日本にとって、先の大戦とはいったい何だったのでしょうか、と問われたのなら、それは巷で言われるような帝国主義日本の悪魔の所業でも、アジアを開放するための聖戦でもなく、初めから負けの決まっていた、いや、決められていた、つまりは「仕組まれた敗北」に進んだだけだったと言うのが現実ですと答えます。

そして、今、日本は当時と瓜二つの状況に置かれています。

いつか見た光景

下の記事で、日本が「仕組まれた破滅」に突き進んだ大きな流れを掴むことが出来ると思います。

しかしこのとき昭和天皇は武力行使を認めず、ゆえに大本営も許可していなかった。なのに勝手に動いたわけだ。このように関東軍をはじめ海外の大陸や半島に駐屯する日本陸軍は暴走する傾向が強く、これが結果として日本を破滅に追い込む一因となる。

日本人が「あまりに無謀な戦争」を仕掛けた真因 歴史のターニングポイントは「ノモンハン事件」 東洋経済オンライン

恐らく当ブログ読者様には、イメージしやすいのではないかと思いますが、もちろんそれに抵抗した人もいたのですが、その一人が、昭和天皇だったのですね。

当然、ですよね。日本の支配者は、それが破滅に繋がることを知っていました。しかし、天皇は絶対的な存在ではなく、弱い支配者だった。だからこそ、世界史上唯一、最古の皇帝として存続できたのではないか、と思います。それは置いておいて、対して、破滅を後押ししたのは誰かと言うと・・

こうして始まった満州事変だが、若槻礼次郎内閣は不拡大方針を公表した。

ところが関東軍はこれを無視して行動を拡大、朝鮮に駐留していた林銑十郎率いる朝鮮(駐箚)軍も勝手に越境して関東軍の支援を始めた。すると軍中央も関東軍の行動を追認。事態を収拾できないと考えた若槻内閣は総辞職した。

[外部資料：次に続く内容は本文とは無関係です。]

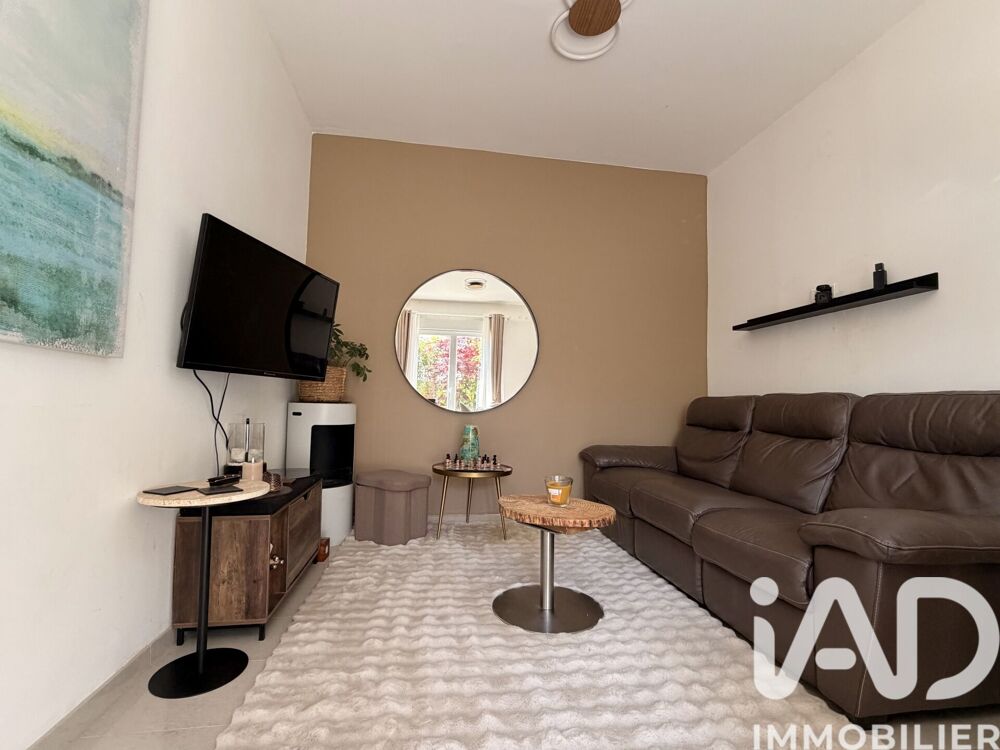 Vente Maison de ville 4 pièces
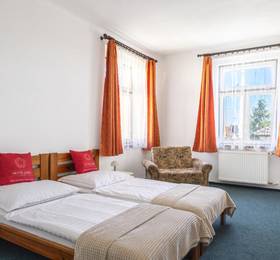 Туры в Hotel Jaro  в Чехии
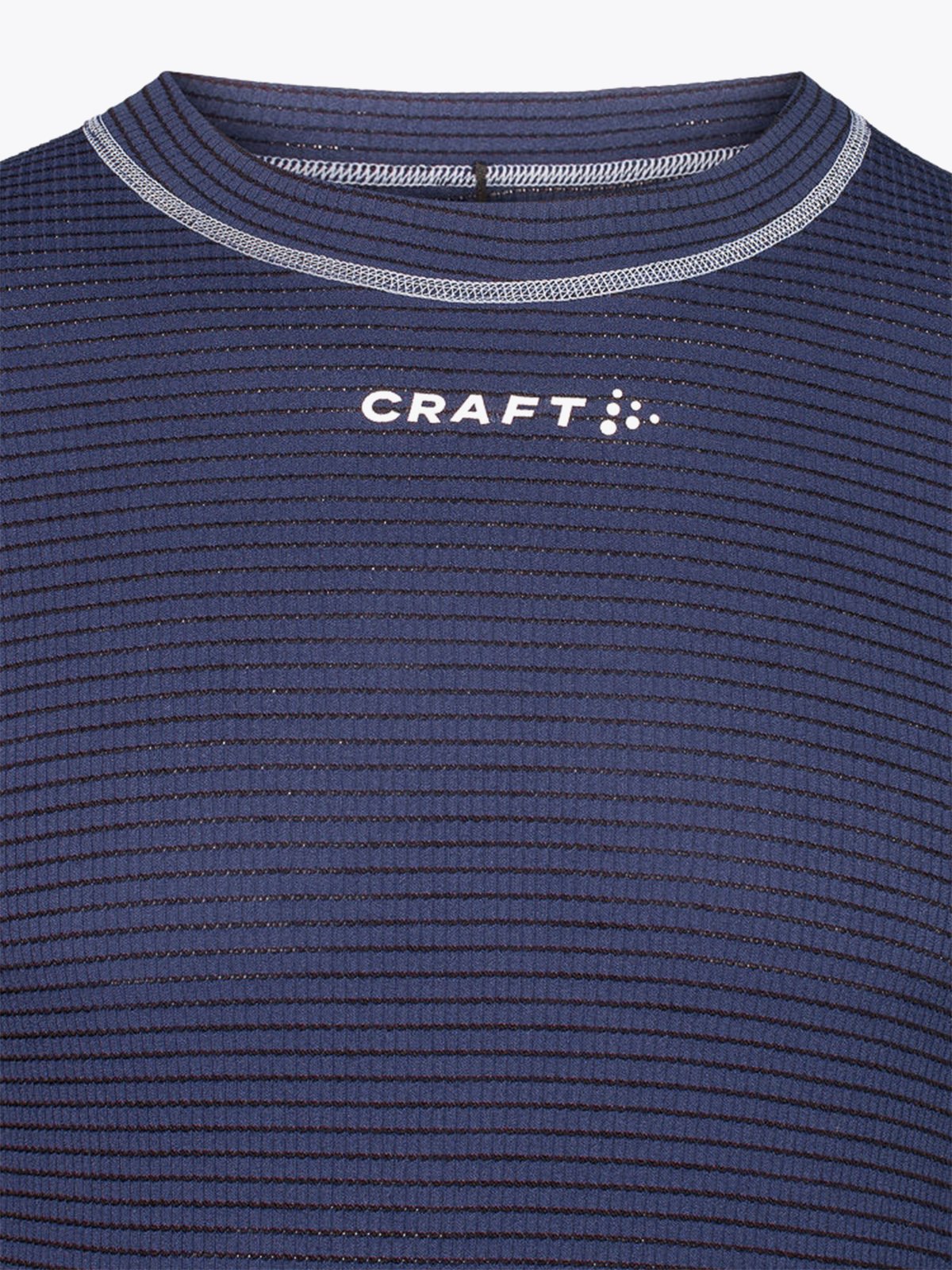 Craft NOR Pro Wool Extreme X Long Sleeve Blå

一方、不況に苦しむ国民の多くは、関東軍の行動を熱狂的に支持した。

ああ・・変わらんなあ。

これ、現在とクリソツじゃないですか? 政府が戦争に反対し、国民が支持する。表向きはそうはなっていないし、もちろん国民はそうは思っていないでしょう。敵が、ありのままの姿を見せてくれるはずがないですからね。ただ、現実的にそう言う構図です。

石油が止まって戦争に

米国の対日石油禁輸が、太平洋戦争のきっかけとなったことは広く知られていますが、ようは、この時の「米」が「中露」に変わっただけなんですね。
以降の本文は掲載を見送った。